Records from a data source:

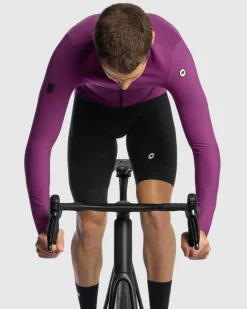 Assos Mille GT Spring Fall LS Jersey C2 Alchemy Purple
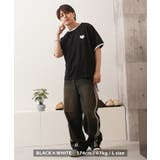 リンガーネック 半袖 tシャツ | ONE 4 PREMIUM | 詳細画像16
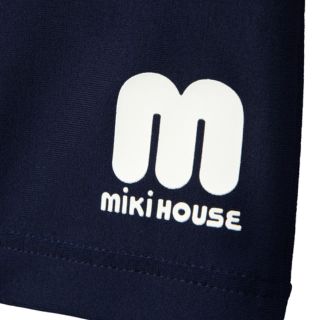 ミキハウス(mikihouse)のミキハウス　水着　100(水着)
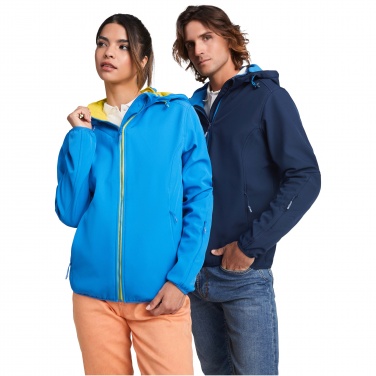 Logotrade mainostuotet kuva: Siberia softshell-takki, unisex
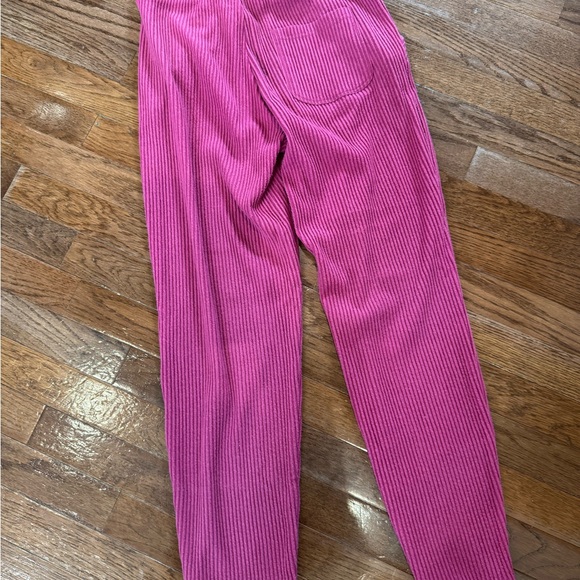 NEW ALO Yoga Pink Muse Set - Picture 8 of 9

→ **PROBLEM TO SOLVE**
Starting at the line that holds "ミキハウス(mikihouse)のミキハウス　水着　100(水着)", print each line through the last one of the entries above, exactly and with both ends included; no pictures.

→ **TASK OUTPUT**
 ミキハウス(mikihouse)のミキハウス　水着　100(水着)
 Logotrade mainostuotet kuva: Siberia softshell-takki, unisex
 NEW ALO Yoga Pink Muse Set - Picture 8 of 9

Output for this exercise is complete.